Supreme Court of Iowa.

January 11, 1961.

*243 Charles W. Bowers and James Lawyer, Des Moines, for appellant.

Norman A. Erbe, Atty. Gen. of Iowa, Marion R. Neely, Asst. Atty. Gen., Ray Hanrahan, Polk County Atty., and Raymond A. Fenton, Asst. Polk County Atty., Des Moines, for appellee.

THOMPSON, Justice.

The defendant was jointly indicted, with Harry Joseph Gossett and Bernard Clay, for the crime of breaking and entering the building of the Hiland Potato Chip Company, in Des Moines, in violation of Section 708.8 of the 1958 Code of Iowa, I.C.A. He was tried separately and found guilty by jury verdict, and from judgment on the verdict he appeals to this court. The breaking and entering took place between three p. m. on Saturday, October 3, 1959, and 2:30 a. m. on Monday, October 5 next, when an employee of the Lewis System, a commercial patrol agency, checked the building and found it had been entered by breaking a door latch. A large safe on the premises had been battered and a handle broken off, but it had not been entered. A small safe, which contained approximately $40,000 in $1,000, $500, and $100 bills was missing. It was later found in a dump, battered and broken open and, of course, with the money missing.

There was ample evidence to connect the defendant with the breaking and entering and the larceny of the safe and its contents, and it is not contended otherwise.
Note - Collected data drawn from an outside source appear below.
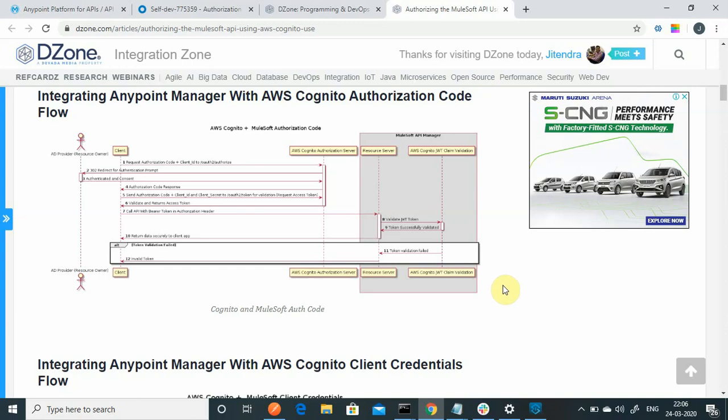Hello friends, my name is Jitendra Bhatna. Today we will see how to implement Okta OAuth using MuleSoft JWT validation policy for a MuleSoft CloudHub application. In some last videos we used AWS Cognito instead of Okta, but in this video we will see how we can use Okta.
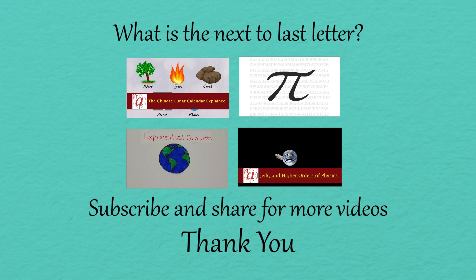But can you find the next to last letter? Let me know in the comments. Thanks for watching.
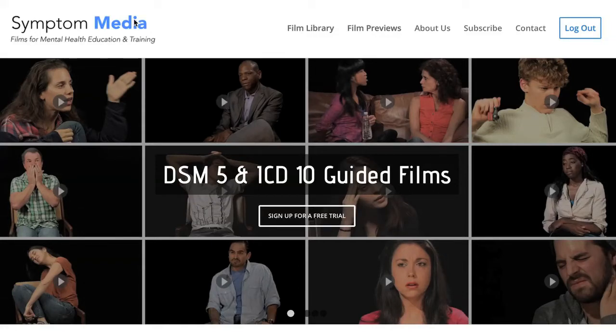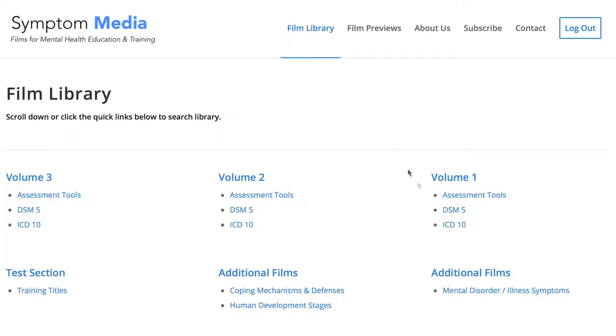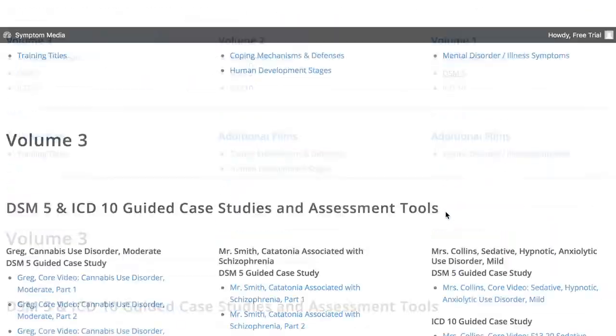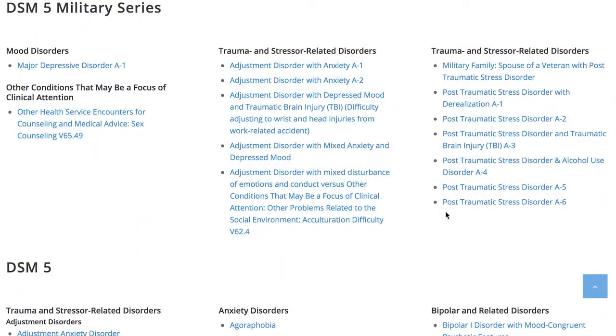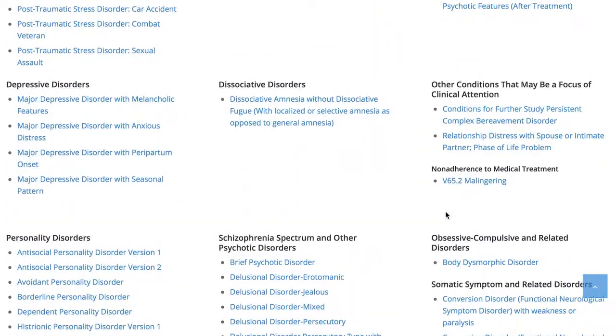Welcome to a preview of a Symptom Media DSM-5 guided case study. How are people using Symptom Media's DSM-5 guided cases? With access to over 500 assessment tools, DSM-5 and ICD-10 guided cases, educators can smoothly integrate videos within lectures and discussions with an easy-to-navigate index library page. Be sure to visit SymptomMedia.com to sign up for a free trial today.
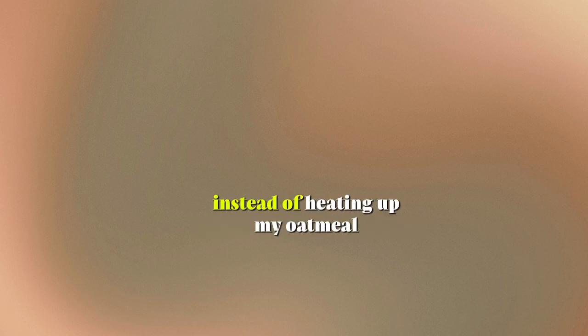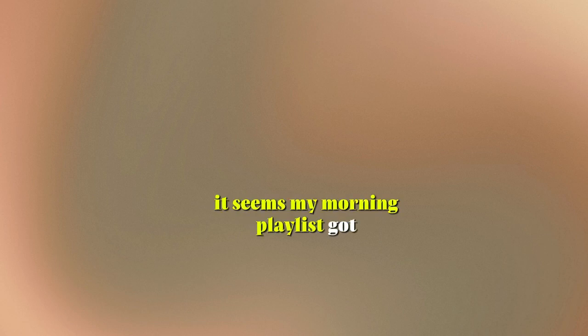Mom, annoyed. Alex, why is the microwave serenading us instead of heating up my oatmeal? Alex, cheerfully. Ah, my dear apologies, Mom. It seems my morning playlist got mixed up with your meal prep. Let me fix that right away.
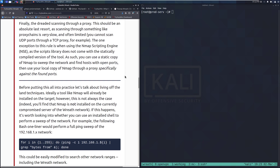Scanning through a proxy should be done as an absolute last resort, as scanning through something like proxychains is very slow and often limited — you cannot scan UDP ports through a TCP proxy, for example. The one exception is when using the nmap scripting engine (NSE), as the scripts library does not come with the statically compiled version. You can use a static copy of nmap to sweep the network and find hosts with open ports, then use your local copy of nmap through a proxy specifically against those found ports.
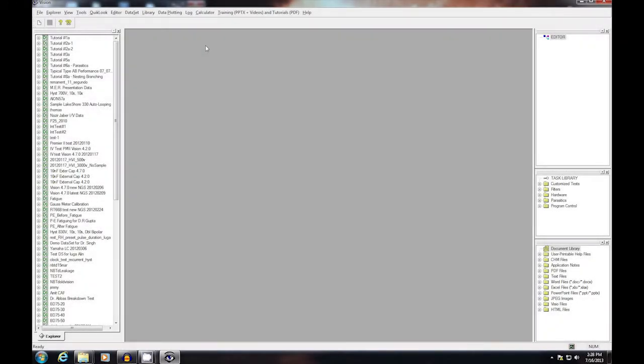Okay, this is the high voltage video 2. In this video, I'm going to demonstrate the configuration and execution of high voltage measurements in vision software.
The facts in the record all appear from the state's evidence; the defendant did not take the stand or offer any evidence. His appeal is based on complaints of the admission of evidence and of Instruction No. 8 given by the trial court. We shall not set out in detail the material evidence which, even without the testimony objected to, clearly made a jury question of defendant's guilt, but content ourselves with saying it was sufficient to show defendant's implication in the crime, so far as to require submission of the question of his guilt to the jury. We say this in deference to Code Section 793.18, I.C.A., which in keeping with our concept of justice to those accused of crimes requires us to examine the record without regard to technical defects and to render such judgment as the law demands. This we have done.

I. Defendant's first assignment of error attacks the admission of the testimony of one Elkin B. Hughes, manager of an auto sales company in Des Moines. Hughes testified, over objection that the testimony sought to be elicited was incompetent, irrelevant and immaterial, was hearsay and referred to transactions subsequent to the crime, that on October 8 following the *244 burglary, the defendant came to his place with one Turner. There was some talk about the purchase of a 1959 Cadillac car owned by another car dealer, which was purchased either by Turner or the defendant and paid for with four one thousand or three one thousand and two five hundred dollar bills. He could not say whether all of the conversation was with the defendant, or with Turner, or with both. The first he saw of the money was when it was lying on the seat of the car. Title to the car was transferred to Turner.

The defendant objects strongly that there is nothing to connect him with the purchase of the car or with the money. We are unable to agree. He had at least sufficient interest in the transaction to accompany Turner; and they brought with them $4,000 in bills of the somewhat unusual denominations taken from the stolen safe. The situation is identical with that found in State v. Smith, 247 Iowa 500, 502, 503, 504, 73 N.W.2d 189, 190. There the defendant was indicated for possession of burglar tools. He was found riding in a car driven by another, with a third person in the rear seat. Also found in the car was a bag containing burglar tools. The same contention was made there as here: that there was nothing to show defendant's possession. But we said the presence of the defendant in the car raised a question of circumstantial evidence for the jury. The contention goes to the weight of the evidence rather than its admissibility.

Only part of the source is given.